Pericolo alluvioni: i soldi ci sono, la volontà politica no

“L’Idrovia Padova-Venezia, unica infrastruttura valida come scolmatore delle acque di piena, attende ancora il suo completamento. Nel frattempo la Giunta regionale ha presentato il proprio progetto di legge di costituzione dell’Agenzia regionale delle acque e per la difesa del suolo, iniziativa cui va il nostro plauso, che con soddisfazione vediamo espresso anche dall’ANCE Veneto, Associazione dei Costruttori Edili” – scrive Roberto Rovoletto presidente del Gizip.

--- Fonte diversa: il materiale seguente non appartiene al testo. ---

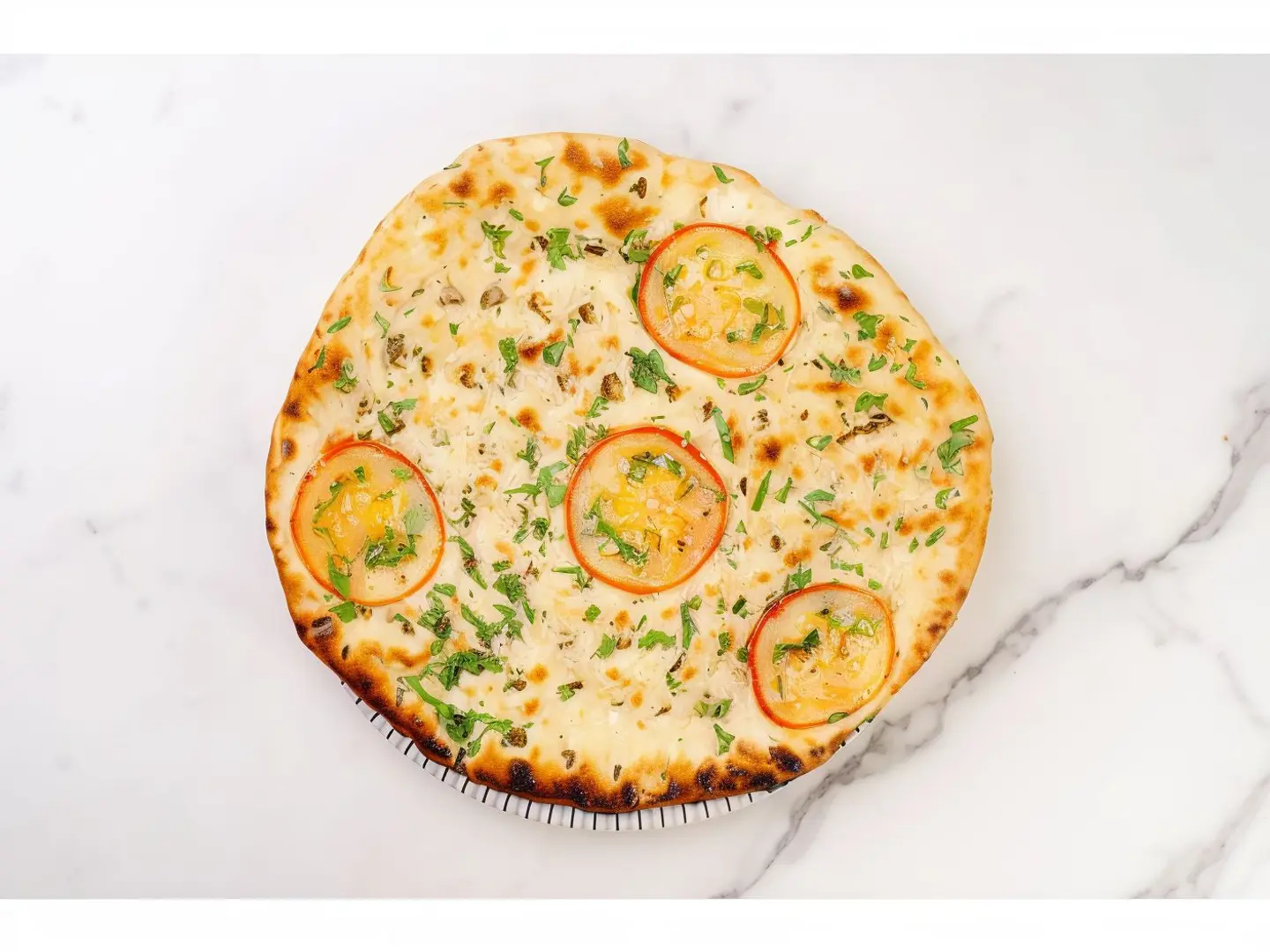 Potato Naan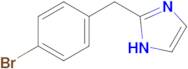 2-(4-Bromobenzyl)-1H-imidazole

“Non intendiamo creare il solito carrozzone burocratico”, ha precisato l’assessore regionale all’ambiente Giancarlo Conta. Ne prendiamo atto, ma ci chiediamo come egli intenda scongiurare il pericolo “carrozzone” se, accanto alla creazione dell’Agenzia, non si vorranno creare quelle grandi infrastrutture di difesa del suolo, di cui l’Idrovia Padova-Venezia è un esempio. Per non subire eventi catastrofici quali gli eventi veneziani cui abbiamo assistito (comunque irrisori rispetto a quelli che subiremmo al ripetersi degli eventi del 1966), è necessario infrastrutturare i nostri territori con impegni di spesa e di opere pari almeno alle spese e alle opere che si stanno realizzando relativamente alla viabilità. L’ostacolo non è economico. Per esempio (ma è solo l’ultimo fatto di cui ho notizia), attraverso il piano Operativo regionale (POR) per l’u tilizzo dei Fondi Europei 2007-2013 a sostegno dell’economia, presentato dalla nostra Giunta regionale e ufficialmente approvato il mese scorso dalla Commissione Europea, la nostra regione si ritroverà con 450 milioni di finanziamenti e investimenti per 1 miliardo messi a disposizione dall’UE. Di questi, 70 milioni serviranno per il finanziamento di “piani e misure per prevenire e gestire rischi naturali e tecnologici”.
Ribadisco che l’impegno economico per il completamento dell’idrovia può essere, se non annullato, quanto meno ridimensionato attraverso la vendita dei materiali che si ricaverebbero dallo scavo. L’ostacolo al completamento di questa infrastruttura e all’infrastrutturazione del nostro territorio in funzione della salvaguardia idraulica è soltanto politico. Dobbiamo dunque aspettare un altro 1966 per sederci attorno ad un tavolo e parlarne?”- conclude Rovoletto.
Carlo Crotti si rivolge direttamente al Consiglio Comunale padovano: “Il problema del completamento dell’idrovia Padova-Mare non è altro che l’applicazione della legge 16/2000. Trascurarla o destinare ad altro uso i terreni a lei riservati dagli espropri forzosi di qualche anno fa, vorrebbe dire, per quanto riguarda i consiglieri comunali, esporsi a tutti i rischi previsti dal DLGS 267/2000 (Testo Unico sull’ordinamento degli Enti Locali) in termini di responsabilità individuale. I Sigg. Consiglieri, della maggioranza come dell’opposizione, e gli Assessori d’ora in avanti rispondono con il loro patrimonio personale per gli atti pubblici che possano danneggiare o ostacolare il completamento di quell’opera idraulica. La violazione di una legge dello Stato non è coperta dalla giustificazione di aver compiuto una scelta politica. E’ un atto individuale, sanzionabile.”